Thaïs est une petite fille de deux ans sans histoire jusqu'au jour où sa démarche intrigue sa mère. Les médecins découvrent alors une maladie incurable qui l'emporte en quelques mois. Enceinte, Anne-Dauphine apprend peu après que son bébé est atteint de la même maladie. Greffée à sa naissance, Azylis grandit jusqu'à ce que la maladie la rattrape. Elle meurt à dix ans. " J'ai beaucoup souffert et je souffre encore. Mais j'ai appris la consolation. Ce délicat rapport à l'autre : s'approcher, toucher, parler. "
Ce livre parle de ceux qui consolent et de ceux que l'on console. Grâce à des scènes vécues, Anne-Dauphine partage ses réflexions qui touchent juste. Elle évoque ses deux filles, Thaïs et Azylis, mais aussi Loïc, son mari, Gaspard son fils aîné et enfin Arthur, le petit dernier. Son récit est aussi un bel hommage à tous les consolants : une sœur qui vous prend dans les bras, une infirmière qui s'assoit sur le bord du lit et prend juste le temps " d'être-là ", un peu de vernis à ongle qui aide à aimer la vie malgré tout. Elle a le don de ces scènes courtes qu'elle rend inoubliables.
Anne-Dauphine Julliand sait que la souffrance se passera pas mais qu'elle peut s'apprivoiser. Quand on lui demande comment fait-elle quand elle est triste, elle répond qu'elle a un truc imparable : elle pleure. Avec simplicité et profondeur, Anne-Dauphine nous guide sur le chemin de la consolation. Les lecteurs de ce livre n'hésiteront plus jamais à serrer dans leurs bras celui ou celle qui souffre. " J'ai perdu mes filles. Je le dis le cœur habité par deux sentiments que l'on croit souvent contraires : la douleur et la paix. La douleur de celle qui pleure. Et la paix de celle qui est consolée. "

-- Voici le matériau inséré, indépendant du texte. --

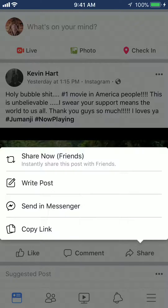Now you have multiple options. You can instantly share this to your timeline without writing any caption or anything like that. You can also share with writing a caption, or you can send it in your messenger.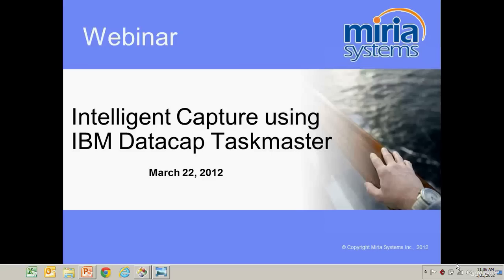Good afternoon everyone, and welcome to Mariah Systems' webinar on Intelligent Capture using IBM DataCap Taskmaster.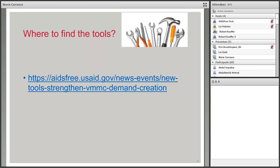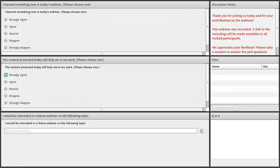Thank you both very much for your comprehensive presentations and this rich discussion around demand creation and this excellent tool. I'll hand it over to Leigh now to wrap things up. Thank you everyone. Before we wrap up today, I'd like to again thank the speakers for sharing their time and expertise, and thank you to all participants for attending and for the rich discussion. In a few days, you will be receiving an email with a link to today's webinar recording. I'd like to encourage all of you to take a moment to fill out the poll questions that have just appeared on your screen, as the feedback is always helpful for us to improve our future webinars. Thank you again and have a wonderful day.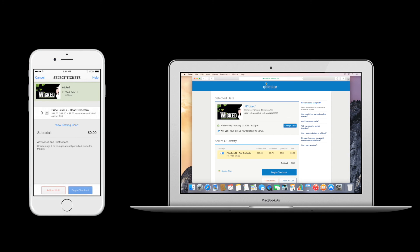Now you can continue where you left off in checkout. Handoff is a great time saving shortcut that unifies your Gold Star experience across all of your devices. We hope you enjoy the feature and discover lots of great things to do.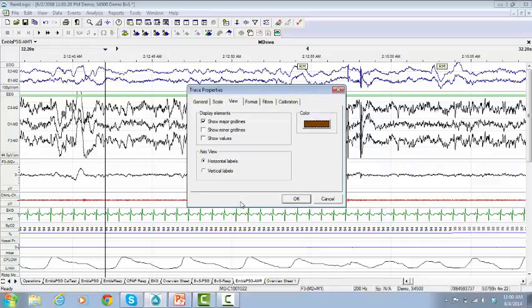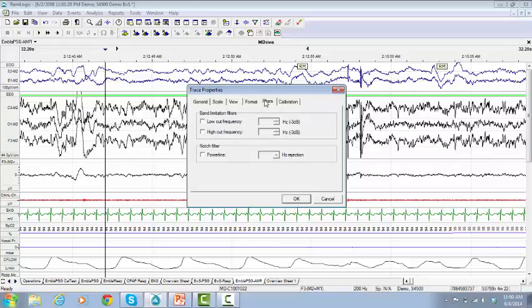Go to the tab Filters. Type the required values in order to change the filter settings if needed. Click OK.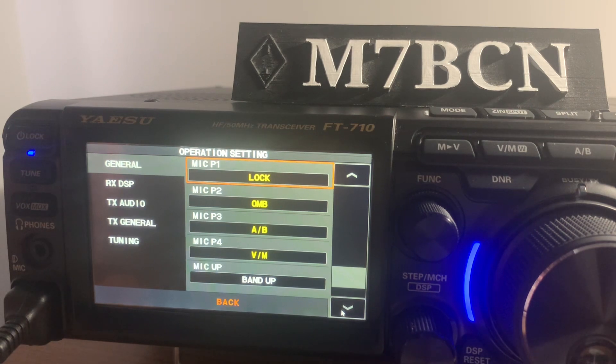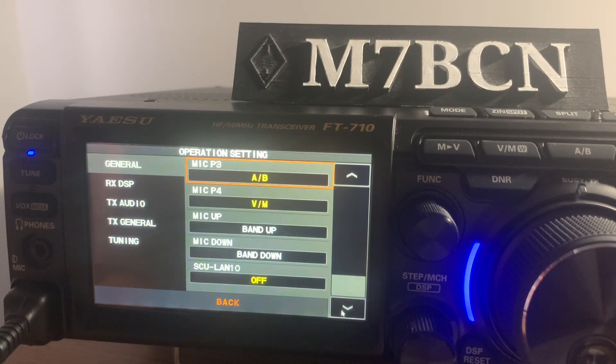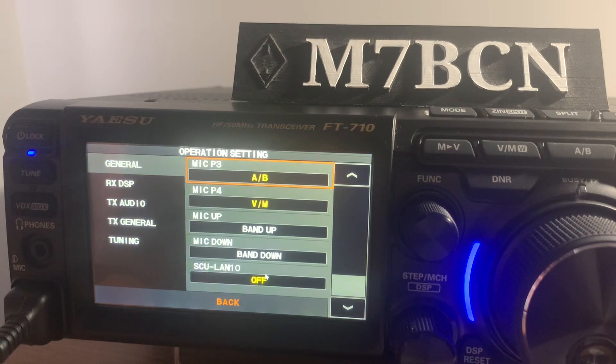I've changed the up and down so my up-and-down button is bound to frequency up and down.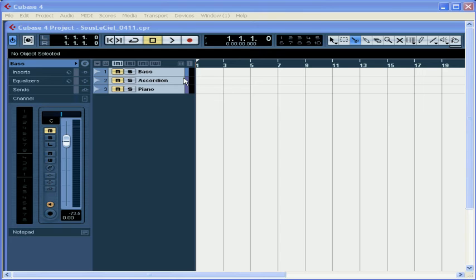Welcome to our tutorial on importing video into Cubase. In this tutorial, we'll learn about the types of video files Cubase supports, how to import them into Cubase, and how to extract the audio from a video file, if that's all you really need.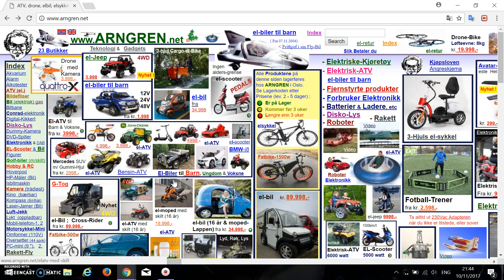There will be three parts in this evaluation. First is the user interface design, second is the website usability, and the third one is the aesthetic design for the website.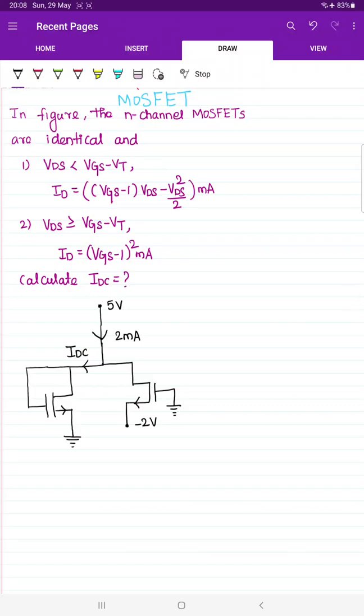Welcome all to the MOSFET problem-solving lecture series. In this series we are going to directly solve questions, bringing in all the concepts required to crack each question. I am requesting you all to watch the entire playlist. Once you complete it, you will automatically be able to solve all questions related to MOSFET without needing to make separate notes, because the way we solve the problems will let you understand the pattern of questions framed from MOSFET very well.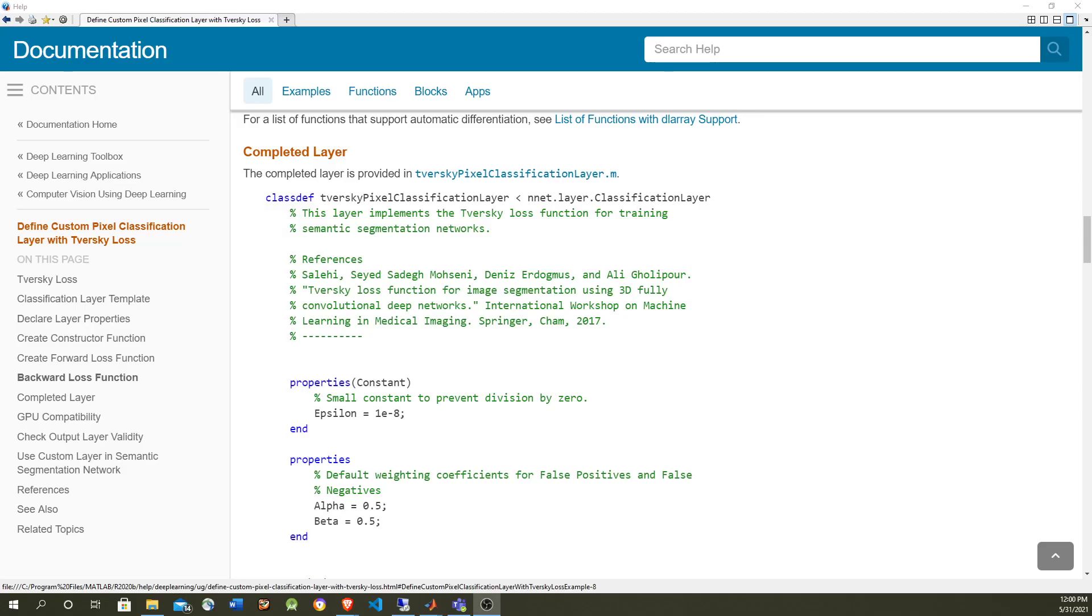Hi, in this video I'm going to show how to create a custom layer in the MATLAB Deep Learning Toolbox for implementing the Tversky loss function for semantic segmentation.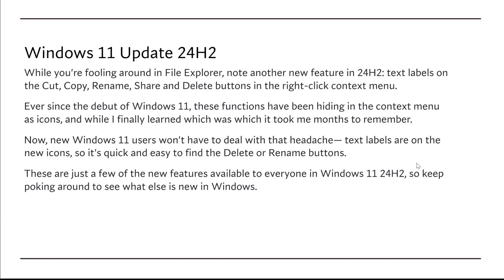Ever since the debut of Windows 11, these functions have been hiding in the context menu as icons. And while I finally learned which was which, it took me months to remember. Now, new Windows 11 users won't have to deal with that headache. Text labels are on the icons, so it's quick and easy to find the delete or rename buttons.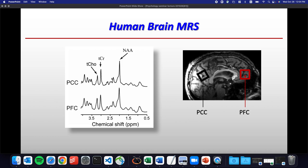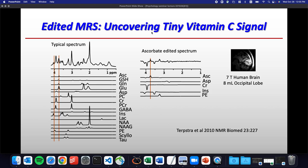I do edited spectroscopy, which is uncovering tiny signals. I was the first person to show, with proton spectroscopy, that we can measure a signal from vitamin C in the living human brain. This is similar to what I showed you in the last slide - along this axis is frequency, and the location of these peaks along this line tells us what they are.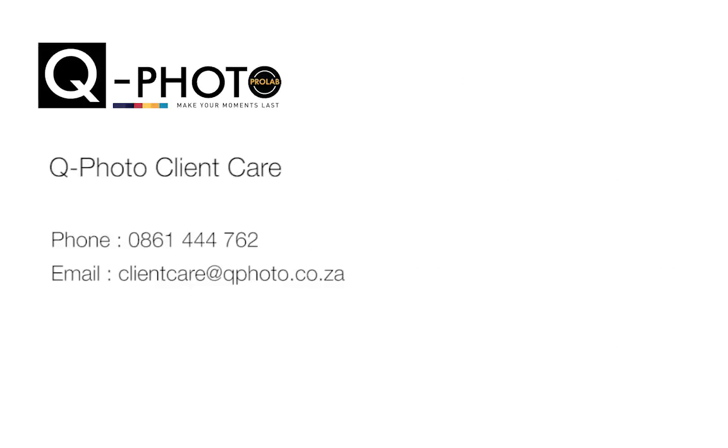Should you require any additional assistance, please contact our friendly client care consultants who will gladly help you to get started. Thank you.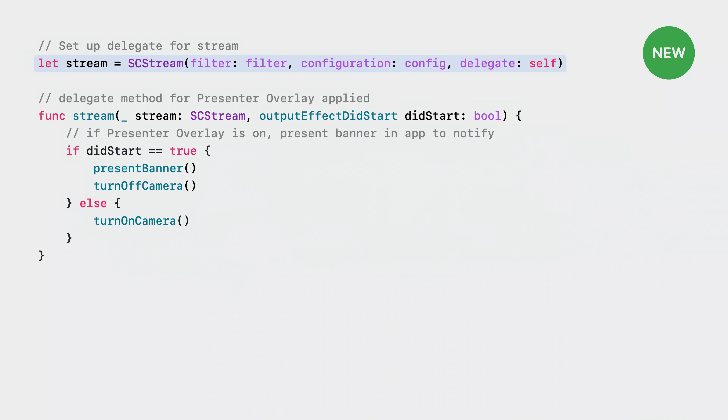So what if you wanted to know explicitly when Presenter Overlay has been applied? Start by creating a new stream and adding self as a delegate. Then implement the new delegate callback, SCStreamOutputEffectDidStart. This is how you'll be notified when Presenter Overlay has been applied. When notified, you want to check if the effect started or stopped. Presenter Overlay is a new macOS system feature and there are some considerations your application might want to take when an overlay is applied.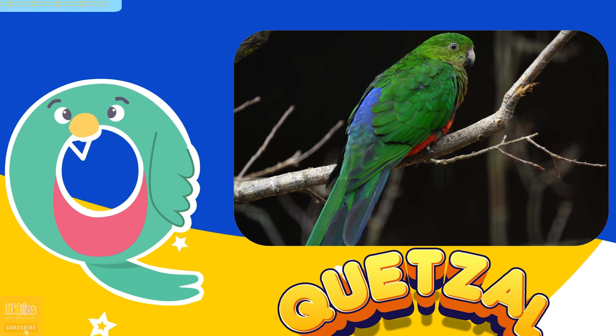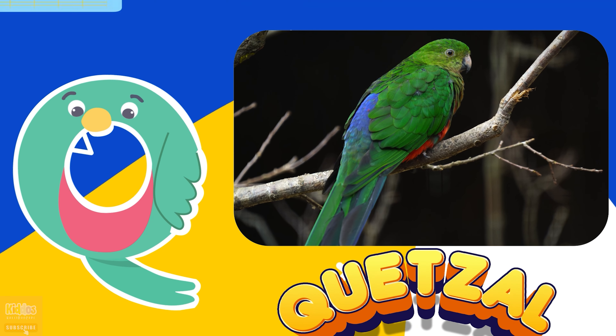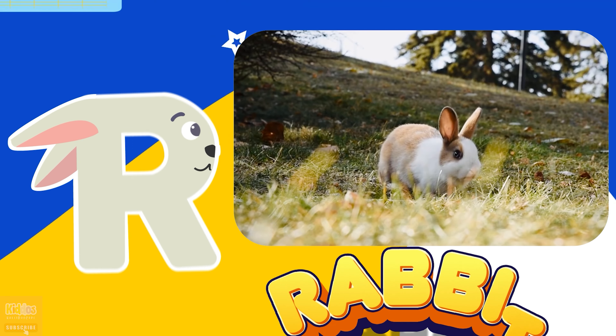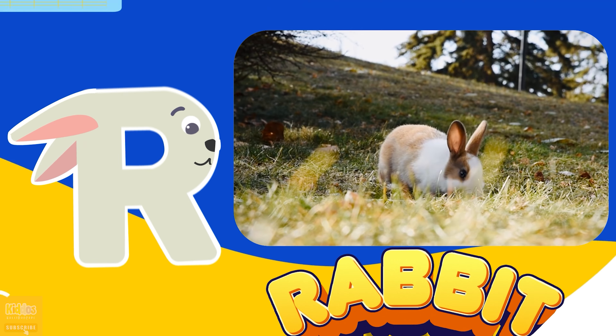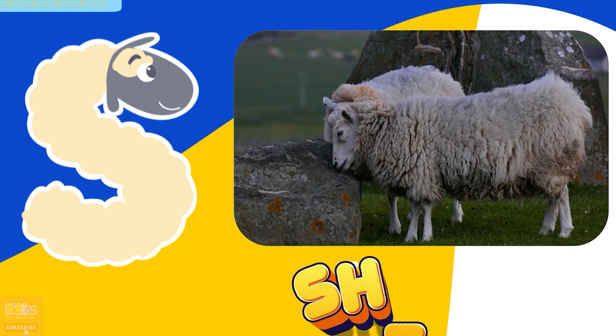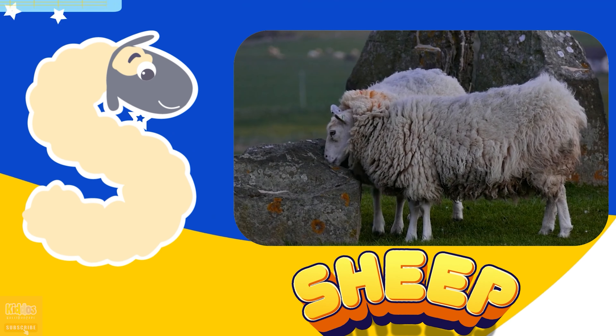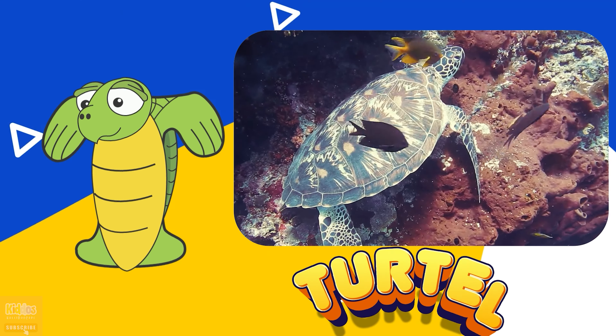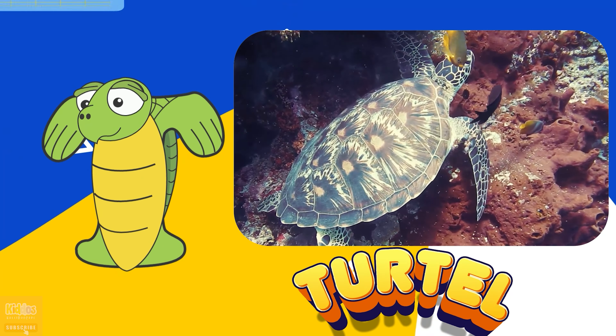Q is for Quetzal, a feather so bright. R is for Rabbit, hopping out of sight. S is for Sheep, with wool so white. T is for Turtle, moving day and night.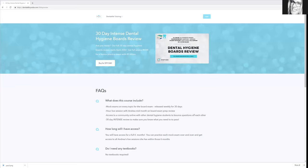Hello everybody, Andrea Majewski here with Dental L Tutoring. Let's look inside the 30 Day Intense Dental Hygiene Boards Review.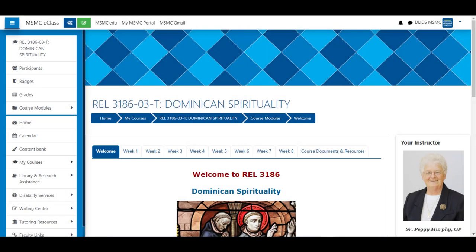Greetings! In this brief video I'm going to show you how to start an eClass Zoom session from your course.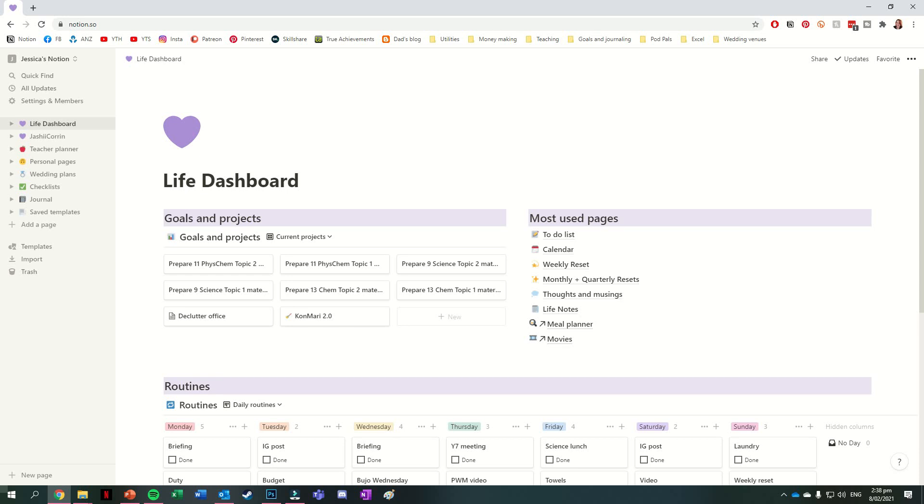Hello again team, it's Jess or Jashikaran and welcome back for another video. Today we're going to be having a look at Notion, more specifically the pages I use on my Notion to help keep me organized.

Pour son troisième essai, Anne-Dauphine Julliand choisit d’analyser le concept de la consolation. Certes, écrire sur la souffrance, ce ressenti de l’âme qui ne se partage pas, est chose difficile, mais décrypter la manière dont on se reconstruit est important. Au delà de son témoignage, bouleversant et renversant, il y a l’universel de la souffrance, celle qui laisse sans souffle et qui étreint tout sur son passage. Ainsi, pour l’autrice , ce fut l’annonce du handicap lourd de ses deux filles, puis leurs décès. Avec d’autres, ce sera le décès d’un parent, ou d’un ami proche. Et, pour d’autres encore, la séparation avec un être aimé. Il n’y a pas d’échelle dans la souffrance. De cet abîme, la consolation permet le passage vers la vie. Avant tout le postulat d’Anne-Dauphine Julliand est de rendre nécessaire le fait d’entourer la personne qui souffre. Car, la double -peine est souvent la solitude qui l’entoure . Du coup, la consolation est un pont qui va de celui qui souffre à une personne non pas pour enlever mais pour accompagner et soutenir; juste par un geste, une présence, un mot. https://vagabondageautourdesoi.com/20...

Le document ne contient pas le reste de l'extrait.